Last updated: Jun 15, 2026

Quick Overview

An Amazon machine-learning-engineer technical screen covering class-imbalance handling at the data, loss, and decision levels; leakage-aware validation; the bias–variance tradeoff; metric selection for rare-positive fraud data (PR-AUC, precision@k, calibration); and Transformer vs. CNN inductive biases. Includes worked numeric examples for cost-based thresholds and metric interpretation.

  • hard
  • Amazon
  • Machine Learning
  • Machine Learning Engineer

Explain imbalance, metrics, bias-variance, Transformers vs. CNNs

Company: Amazon

Role: Machine Learning Engineer

Category: Machine Learning

Difficulty: hard

Interview Round: Technical Screen

##### Question You are given a highly imbalanced binary classification problem in a fraud-detection setting (roughly 1% positives). Walk through the core ML concepts an interviewer would probe in a technical screen: 1. **Diagnose class imbalance.** How do you detect and characterize it? Cover class ratios, stratified splits, why majority-class accuracy is misleading, per-class recall during training, and checking for imbalance/drift across time, geography, or user segments. 2. **Handle class imbalance** at three levels: data level (random over/under-sampling, SMOTE/ADASYN/Borderline-SMOTE, targeted collection, augmentation), algorithm/loss level (class weights, focal loss, anomaly-detection baselines), and decision level (threshold tuning, cost-sensitive thresholds, top-k under capacity, calibration). 3. **Design validation that avoids leakage and reflects real class priors.** Discuss resampling only on training folds, time-aware (train-past/validate-future) splits, group/entity-aware splits, feature-leakage checks, and drift/calibration monitoring. 4. **Bias–variance tradeoff.** Define it, explain how to diagnose high bias vs. high variance (learning curves, train–val gap), and give concrete mitigations for each (model capacity, regularization, features, data, ensembling). 5. **Choose and justify evaluation metrics for extreme imbalance.** Contrast accuracy, ROC-AUC, PR-AUC, F1/Fβ, precision@k / recall@k, calibration (Brier/ECE), and expected business cost. State when each is preferable. 6. **Compare Transformers and CNNs.** Their inductive biases, typical inputs, computational tradeoffs (O(n·k) conv vs. O(n²) attention), and when you would choose one over the other for text, images, sequences, or tabular fraud features.

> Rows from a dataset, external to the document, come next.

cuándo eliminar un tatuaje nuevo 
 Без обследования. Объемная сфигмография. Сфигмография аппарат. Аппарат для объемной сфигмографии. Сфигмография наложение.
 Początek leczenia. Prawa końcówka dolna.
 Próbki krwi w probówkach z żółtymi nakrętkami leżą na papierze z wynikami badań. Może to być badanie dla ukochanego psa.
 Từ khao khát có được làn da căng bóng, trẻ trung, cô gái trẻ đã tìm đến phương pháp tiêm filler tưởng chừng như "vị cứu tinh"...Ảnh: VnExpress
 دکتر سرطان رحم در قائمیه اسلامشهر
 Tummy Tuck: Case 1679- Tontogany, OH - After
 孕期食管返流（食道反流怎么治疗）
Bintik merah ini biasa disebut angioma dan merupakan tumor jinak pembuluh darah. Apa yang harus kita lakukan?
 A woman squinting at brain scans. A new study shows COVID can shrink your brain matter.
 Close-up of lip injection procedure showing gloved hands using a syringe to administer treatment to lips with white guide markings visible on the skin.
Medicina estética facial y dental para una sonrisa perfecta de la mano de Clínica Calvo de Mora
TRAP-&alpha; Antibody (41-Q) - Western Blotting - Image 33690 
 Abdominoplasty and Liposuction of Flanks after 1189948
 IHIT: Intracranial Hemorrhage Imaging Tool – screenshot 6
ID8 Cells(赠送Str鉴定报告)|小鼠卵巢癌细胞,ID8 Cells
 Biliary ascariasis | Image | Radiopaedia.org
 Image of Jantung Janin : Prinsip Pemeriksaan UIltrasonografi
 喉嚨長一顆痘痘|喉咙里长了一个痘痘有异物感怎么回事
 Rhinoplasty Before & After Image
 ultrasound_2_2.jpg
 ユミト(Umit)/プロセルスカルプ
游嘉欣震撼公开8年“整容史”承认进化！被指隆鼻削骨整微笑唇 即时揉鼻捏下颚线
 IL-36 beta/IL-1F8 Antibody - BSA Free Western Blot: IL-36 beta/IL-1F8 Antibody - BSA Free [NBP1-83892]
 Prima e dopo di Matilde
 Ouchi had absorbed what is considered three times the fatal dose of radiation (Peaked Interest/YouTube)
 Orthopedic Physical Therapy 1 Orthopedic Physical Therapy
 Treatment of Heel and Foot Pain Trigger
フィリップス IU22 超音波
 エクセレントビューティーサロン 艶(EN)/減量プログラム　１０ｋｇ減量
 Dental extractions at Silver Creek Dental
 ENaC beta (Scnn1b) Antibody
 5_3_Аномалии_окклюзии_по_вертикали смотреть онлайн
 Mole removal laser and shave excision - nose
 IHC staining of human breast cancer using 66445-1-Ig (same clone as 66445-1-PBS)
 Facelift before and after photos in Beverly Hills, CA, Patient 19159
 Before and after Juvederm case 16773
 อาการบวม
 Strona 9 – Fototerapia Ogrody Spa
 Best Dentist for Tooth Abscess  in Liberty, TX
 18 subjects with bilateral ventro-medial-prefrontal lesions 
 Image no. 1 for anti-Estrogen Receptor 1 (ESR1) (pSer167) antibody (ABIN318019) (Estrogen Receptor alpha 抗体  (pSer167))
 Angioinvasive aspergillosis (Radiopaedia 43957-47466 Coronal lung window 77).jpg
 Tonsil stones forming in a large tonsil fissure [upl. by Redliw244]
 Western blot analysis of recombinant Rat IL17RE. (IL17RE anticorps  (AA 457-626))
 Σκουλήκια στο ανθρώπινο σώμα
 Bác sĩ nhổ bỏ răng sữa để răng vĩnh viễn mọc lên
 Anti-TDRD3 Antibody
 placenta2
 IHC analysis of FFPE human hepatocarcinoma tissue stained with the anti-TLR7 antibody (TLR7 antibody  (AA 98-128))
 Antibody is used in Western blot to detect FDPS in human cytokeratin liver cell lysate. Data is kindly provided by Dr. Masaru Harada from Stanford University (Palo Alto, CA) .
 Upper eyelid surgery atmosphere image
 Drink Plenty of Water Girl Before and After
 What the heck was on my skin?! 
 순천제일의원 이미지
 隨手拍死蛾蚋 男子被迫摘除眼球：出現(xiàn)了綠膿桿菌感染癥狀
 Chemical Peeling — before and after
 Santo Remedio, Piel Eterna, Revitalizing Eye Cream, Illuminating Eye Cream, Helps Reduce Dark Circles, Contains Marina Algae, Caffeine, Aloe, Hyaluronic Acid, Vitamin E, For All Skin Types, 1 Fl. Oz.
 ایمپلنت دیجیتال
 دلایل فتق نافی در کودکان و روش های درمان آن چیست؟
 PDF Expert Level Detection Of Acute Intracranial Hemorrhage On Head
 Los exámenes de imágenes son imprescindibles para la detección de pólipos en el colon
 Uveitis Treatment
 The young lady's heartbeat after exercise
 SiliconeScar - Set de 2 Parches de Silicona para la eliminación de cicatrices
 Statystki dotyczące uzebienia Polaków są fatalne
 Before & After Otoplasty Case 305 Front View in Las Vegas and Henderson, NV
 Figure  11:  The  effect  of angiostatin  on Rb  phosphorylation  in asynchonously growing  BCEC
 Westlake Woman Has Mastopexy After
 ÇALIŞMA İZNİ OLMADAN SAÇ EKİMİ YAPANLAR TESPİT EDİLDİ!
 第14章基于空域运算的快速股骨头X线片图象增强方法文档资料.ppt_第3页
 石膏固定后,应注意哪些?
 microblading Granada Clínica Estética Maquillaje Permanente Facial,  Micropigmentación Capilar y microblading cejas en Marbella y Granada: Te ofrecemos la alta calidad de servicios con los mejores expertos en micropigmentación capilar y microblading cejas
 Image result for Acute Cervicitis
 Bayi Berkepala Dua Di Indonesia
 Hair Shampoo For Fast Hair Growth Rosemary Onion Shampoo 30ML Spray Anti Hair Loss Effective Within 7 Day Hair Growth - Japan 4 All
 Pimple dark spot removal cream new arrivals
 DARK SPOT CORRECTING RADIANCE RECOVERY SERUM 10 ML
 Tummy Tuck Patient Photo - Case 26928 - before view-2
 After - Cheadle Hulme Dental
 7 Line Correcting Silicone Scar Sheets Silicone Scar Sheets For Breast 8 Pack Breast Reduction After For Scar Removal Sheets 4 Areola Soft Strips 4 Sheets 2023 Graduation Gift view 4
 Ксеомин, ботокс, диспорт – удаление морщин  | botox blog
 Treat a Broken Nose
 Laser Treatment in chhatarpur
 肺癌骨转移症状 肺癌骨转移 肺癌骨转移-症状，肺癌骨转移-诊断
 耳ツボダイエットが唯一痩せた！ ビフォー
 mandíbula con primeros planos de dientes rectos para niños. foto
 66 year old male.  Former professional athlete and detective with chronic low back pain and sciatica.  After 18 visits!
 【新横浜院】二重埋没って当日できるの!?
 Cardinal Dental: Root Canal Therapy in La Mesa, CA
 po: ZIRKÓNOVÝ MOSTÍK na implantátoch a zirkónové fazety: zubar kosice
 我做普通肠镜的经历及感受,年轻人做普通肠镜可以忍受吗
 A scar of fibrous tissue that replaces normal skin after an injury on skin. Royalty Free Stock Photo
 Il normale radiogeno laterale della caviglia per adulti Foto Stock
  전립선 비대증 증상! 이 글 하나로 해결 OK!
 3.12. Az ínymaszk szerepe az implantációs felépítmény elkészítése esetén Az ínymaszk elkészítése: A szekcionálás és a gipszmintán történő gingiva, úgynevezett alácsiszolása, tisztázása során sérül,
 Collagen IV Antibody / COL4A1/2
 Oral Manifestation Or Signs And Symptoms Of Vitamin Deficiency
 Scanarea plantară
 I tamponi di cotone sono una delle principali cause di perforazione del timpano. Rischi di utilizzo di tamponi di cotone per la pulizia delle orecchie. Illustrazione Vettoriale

Quick Answer: An Amazon machine-learning-engineer technical screen covering class-imbalance handling at the data, loss, and decision levels; leakage-aware validation; the bias–variance tradeoff; metric selection for rare-positive fraud data (PR-AUC, precision@k, calibration); and Transformer vs. CNN inductive biases. Includes worked numeric examples for cost-based thresholds and metric interpretation.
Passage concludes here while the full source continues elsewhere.